--- Input for this task ---

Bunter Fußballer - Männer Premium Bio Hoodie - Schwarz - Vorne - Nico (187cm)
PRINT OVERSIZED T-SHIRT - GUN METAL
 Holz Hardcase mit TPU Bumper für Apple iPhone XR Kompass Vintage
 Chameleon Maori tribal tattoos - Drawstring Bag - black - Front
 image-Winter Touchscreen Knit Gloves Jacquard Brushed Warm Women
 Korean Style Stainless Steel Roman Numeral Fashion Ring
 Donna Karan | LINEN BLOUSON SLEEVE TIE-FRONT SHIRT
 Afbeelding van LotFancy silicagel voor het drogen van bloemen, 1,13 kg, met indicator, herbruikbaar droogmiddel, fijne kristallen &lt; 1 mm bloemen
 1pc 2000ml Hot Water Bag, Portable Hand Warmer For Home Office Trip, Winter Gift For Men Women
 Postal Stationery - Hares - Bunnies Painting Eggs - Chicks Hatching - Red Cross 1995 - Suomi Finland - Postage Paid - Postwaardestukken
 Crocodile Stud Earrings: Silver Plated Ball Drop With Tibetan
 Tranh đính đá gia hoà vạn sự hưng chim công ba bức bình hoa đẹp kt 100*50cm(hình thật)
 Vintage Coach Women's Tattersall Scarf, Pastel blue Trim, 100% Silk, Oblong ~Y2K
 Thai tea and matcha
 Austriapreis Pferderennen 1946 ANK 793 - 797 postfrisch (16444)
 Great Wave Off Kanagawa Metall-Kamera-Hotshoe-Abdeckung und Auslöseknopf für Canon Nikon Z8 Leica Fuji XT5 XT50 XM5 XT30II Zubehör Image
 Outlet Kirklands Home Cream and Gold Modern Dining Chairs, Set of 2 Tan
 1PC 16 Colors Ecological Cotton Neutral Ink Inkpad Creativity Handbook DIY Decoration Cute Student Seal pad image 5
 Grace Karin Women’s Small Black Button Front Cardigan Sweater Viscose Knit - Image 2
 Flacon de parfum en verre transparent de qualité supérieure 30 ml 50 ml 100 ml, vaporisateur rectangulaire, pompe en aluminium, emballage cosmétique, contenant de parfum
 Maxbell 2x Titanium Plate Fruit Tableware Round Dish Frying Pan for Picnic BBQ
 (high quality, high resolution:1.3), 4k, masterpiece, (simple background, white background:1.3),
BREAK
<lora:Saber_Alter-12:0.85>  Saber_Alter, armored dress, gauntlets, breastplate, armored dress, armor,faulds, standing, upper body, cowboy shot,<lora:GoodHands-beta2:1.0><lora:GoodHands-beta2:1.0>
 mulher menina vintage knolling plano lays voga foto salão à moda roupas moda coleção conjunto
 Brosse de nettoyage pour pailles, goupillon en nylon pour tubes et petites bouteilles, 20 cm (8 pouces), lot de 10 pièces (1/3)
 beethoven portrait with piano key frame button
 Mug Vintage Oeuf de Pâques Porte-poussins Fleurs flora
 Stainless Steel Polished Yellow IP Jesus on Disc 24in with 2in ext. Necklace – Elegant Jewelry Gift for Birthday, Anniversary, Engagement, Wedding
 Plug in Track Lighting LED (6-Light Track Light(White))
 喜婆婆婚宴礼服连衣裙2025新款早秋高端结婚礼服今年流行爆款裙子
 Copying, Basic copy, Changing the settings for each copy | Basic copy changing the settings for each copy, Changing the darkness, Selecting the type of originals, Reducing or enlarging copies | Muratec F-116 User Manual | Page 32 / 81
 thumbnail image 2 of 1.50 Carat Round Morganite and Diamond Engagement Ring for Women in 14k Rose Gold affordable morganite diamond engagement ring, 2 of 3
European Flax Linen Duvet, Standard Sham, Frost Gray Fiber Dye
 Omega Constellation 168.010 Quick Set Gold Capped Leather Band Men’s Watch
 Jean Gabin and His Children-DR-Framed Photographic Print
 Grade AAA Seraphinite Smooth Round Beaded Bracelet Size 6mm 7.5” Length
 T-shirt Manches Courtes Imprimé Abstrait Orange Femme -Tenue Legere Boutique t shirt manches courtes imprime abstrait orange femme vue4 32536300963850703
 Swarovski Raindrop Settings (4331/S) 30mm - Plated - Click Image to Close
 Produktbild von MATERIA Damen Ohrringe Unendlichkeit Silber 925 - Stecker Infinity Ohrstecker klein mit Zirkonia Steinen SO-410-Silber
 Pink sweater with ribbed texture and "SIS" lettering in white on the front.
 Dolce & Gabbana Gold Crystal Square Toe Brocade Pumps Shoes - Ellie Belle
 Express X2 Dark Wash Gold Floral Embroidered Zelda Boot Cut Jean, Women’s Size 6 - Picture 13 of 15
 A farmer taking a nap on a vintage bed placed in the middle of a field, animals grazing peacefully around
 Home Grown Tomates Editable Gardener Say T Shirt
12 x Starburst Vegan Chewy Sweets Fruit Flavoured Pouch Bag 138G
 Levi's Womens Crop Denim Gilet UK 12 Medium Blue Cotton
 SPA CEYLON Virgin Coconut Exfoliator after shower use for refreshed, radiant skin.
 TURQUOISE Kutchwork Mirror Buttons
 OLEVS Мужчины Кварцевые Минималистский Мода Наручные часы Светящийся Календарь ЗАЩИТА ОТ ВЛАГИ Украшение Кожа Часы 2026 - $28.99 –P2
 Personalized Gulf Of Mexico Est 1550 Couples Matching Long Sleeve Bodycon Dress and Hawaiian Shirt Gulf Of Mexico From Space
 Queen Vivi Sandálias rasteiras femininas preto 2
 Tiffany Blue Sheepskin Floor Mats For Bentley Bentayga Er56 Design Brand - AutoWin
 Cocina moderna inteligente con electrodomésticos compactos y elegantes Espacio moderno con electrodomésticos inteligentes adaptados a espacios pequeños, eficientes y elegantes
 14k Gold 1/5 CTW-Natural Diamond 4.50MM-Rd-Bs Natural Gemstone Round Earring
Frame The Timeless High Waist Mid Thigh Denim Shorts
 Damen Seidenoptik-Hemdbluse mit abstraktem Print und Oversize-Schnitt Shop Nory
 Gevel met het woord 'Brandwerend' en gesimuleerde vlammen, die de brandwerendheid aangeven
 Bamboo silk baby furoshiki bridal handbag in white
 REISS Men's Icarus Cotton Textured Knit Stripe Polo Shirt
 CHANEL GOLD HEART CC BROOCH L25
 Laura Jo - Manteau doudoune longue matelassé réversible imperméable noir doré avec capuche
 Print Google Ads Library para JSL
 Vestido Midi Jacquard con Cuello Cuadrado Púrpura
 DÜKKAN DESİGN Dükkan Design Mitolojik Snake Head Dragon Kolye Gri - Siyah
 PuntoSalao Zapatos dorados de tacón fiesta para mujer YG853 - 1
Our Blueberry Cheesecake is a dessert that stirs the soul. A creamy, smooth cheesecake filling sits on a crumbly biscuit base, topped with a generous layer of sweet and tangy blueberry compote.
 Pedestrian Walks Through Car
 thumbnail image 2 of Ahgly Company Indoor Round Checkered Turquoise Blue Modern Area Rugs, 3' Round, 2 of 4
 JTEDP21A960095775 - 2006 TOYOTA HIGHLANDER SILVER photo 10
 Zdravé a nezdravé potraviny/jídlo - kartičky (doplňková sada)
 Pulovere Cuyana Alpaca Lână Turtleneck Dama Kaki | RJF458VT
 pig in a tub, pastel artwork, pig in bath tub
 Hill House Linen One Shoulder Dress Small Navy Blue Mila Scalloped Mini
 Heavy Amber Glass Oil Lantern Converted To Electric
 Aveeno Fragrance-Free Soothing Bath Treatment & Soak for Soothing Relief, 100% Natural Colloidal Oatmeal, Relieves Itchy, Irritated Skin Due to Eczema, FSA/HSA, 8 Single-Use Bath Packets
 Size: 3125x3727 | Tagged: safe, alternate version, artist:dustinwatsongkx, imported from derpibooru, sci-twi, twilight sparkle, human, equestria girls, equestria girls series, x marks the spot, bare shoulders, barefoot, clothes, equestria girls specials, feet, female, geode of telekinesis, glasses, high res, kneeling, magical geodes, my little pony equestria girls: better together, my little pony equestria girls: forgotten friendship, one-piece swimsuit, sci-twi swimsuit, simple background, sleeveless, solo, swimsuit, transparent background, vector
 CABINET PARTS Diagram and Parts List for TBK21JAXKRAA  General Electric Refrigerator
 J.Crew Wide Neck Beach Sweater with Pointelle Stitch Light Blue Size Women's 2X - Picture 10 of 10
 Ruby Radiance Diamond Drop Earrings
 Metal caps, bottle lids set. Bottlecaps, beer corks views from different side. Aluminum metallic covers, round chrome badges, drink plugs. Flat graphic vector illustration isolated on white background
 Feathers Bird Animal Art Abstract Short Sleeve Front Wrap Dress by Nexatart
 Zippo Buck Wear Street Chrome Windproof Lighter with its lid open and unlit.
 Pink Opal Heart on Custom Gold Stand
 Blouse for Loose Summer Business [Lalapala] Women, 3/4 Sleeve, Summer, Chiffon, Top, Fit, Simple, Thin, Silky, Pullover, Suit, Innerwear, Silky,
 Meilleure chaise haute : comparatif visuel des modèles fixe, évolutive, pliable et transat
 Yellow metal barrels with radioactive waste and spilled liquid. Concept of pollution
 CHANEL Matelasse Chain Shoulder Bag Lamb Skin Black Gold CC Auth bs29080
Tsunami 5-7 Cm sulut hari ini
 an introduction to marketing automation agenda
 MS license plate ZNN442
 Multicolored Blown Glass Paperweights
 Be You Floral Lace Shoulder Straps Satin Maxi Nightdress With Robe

---

What is needed | There is a run of lines above from the one with "Produktbild von MATERIA" to the one with "Tiffany Blue Sheepskin"; print exactly that run, both ends included, and nothing else.

Solution below |
 Produktbild von MATERIA Damen Ohrringe Unendlichkeit Silber 925 - Stecker Infinity Ohrstecker klein mit Zirkonia Steinen SO-410-Silber
 Pink sweater with ribbed texture and "SIS" lettering in white on the front.
 Dolce & Gabbana Gold Crystal Square Toe Brocade Pumps Shoes - Ellie Belle
 Express X2 Dark Wash Gold Floral Embroidered Zelda Boot Cut Jean, Women’s Size 6 - Picture 13 of 15
 A farmer taking a nap on a vintage bed placed in the middle of a field, animals grazing peacefully around
 Home Grown Tomates Editable Gardener Say T Shirt
12 x Starburst Vegan Chewy Sweets Fruit Flavoured Pouch Bag 138G
 Levi's Womens Crop Denim Gilet UK 12 Medium Blue Cotton
 SPA CEYLON Virgin Coconut Exfoliator after shower use for refreshed, radiant skin.
 TURQUOISE Kutchwork Mirror Buttons
 OLEVS Мужчины Кварцевые Минималистский Мода Наручные часы Светящийся Календарь ЗАЩИТА ОТ ВЛАГИ Украшение Кожа Часы 2026 - $28.99 –P2
 Personalized Gulf Of Mexico Est 1550 Couples Matching Long Sleeve Bodycon Dress and Hawaiian Shirt Gulf Of Mexico From Space
 Queen Vivi Sandálias rasteiras femininas preto 2
 Tiffany Blue Sheepskin Floor Mats For Bentley Bentayga Er56 Design Brand - AutoWin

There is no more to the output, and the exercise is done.